The full report is at: http://cur.org.au/project/national-liveability-report/
This report also contains a summary of the key points of ‘Creating liveable cities in Australia: Mapping urban policy implementation and evidence-based national liveability indicators,’ October 2017.
Key Points
The government asserts that:
• Governments in Australia and internationally recognise the benefits of urban liveability.
• Liveable communities are good for the economy, social inclusion and environmental sustainability, and promote the health and wellbeing of residents.

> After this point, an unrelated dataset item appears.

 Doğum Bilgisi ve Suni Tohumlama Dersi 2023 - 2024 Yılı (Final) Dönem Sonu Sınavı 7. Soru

They have affordable housing linked by public transport, walking and cycling paths to workplaces, public open space and all the amenities required for daily living.
• The ‘Creating Liveable Cities in Australia’ report details the first measurement of liveability in Australia’s state and territory capital cities.
• The report maps policy standards designed to create liveable cities and seven domains of urban liveability that also promote the health and wellbeing of Australians – walkability, public transport, public open space, housing affordability, employment, and food and alcohol environments.
• The report also assesses policy implementation.
• In many cases government planning policies are failing to deliver liveability equitably across our cities. Measurable spatial policy standards were identified for only three of the seven key liveability domains.
• Current policies and guidelines do not appear to be informed by the growing body of evidence about how to achieve healthy, liveable cities.
• No Australian capital city performs well across all the liveability indicators, with many failing to meet their own policy targets designed to create liveability.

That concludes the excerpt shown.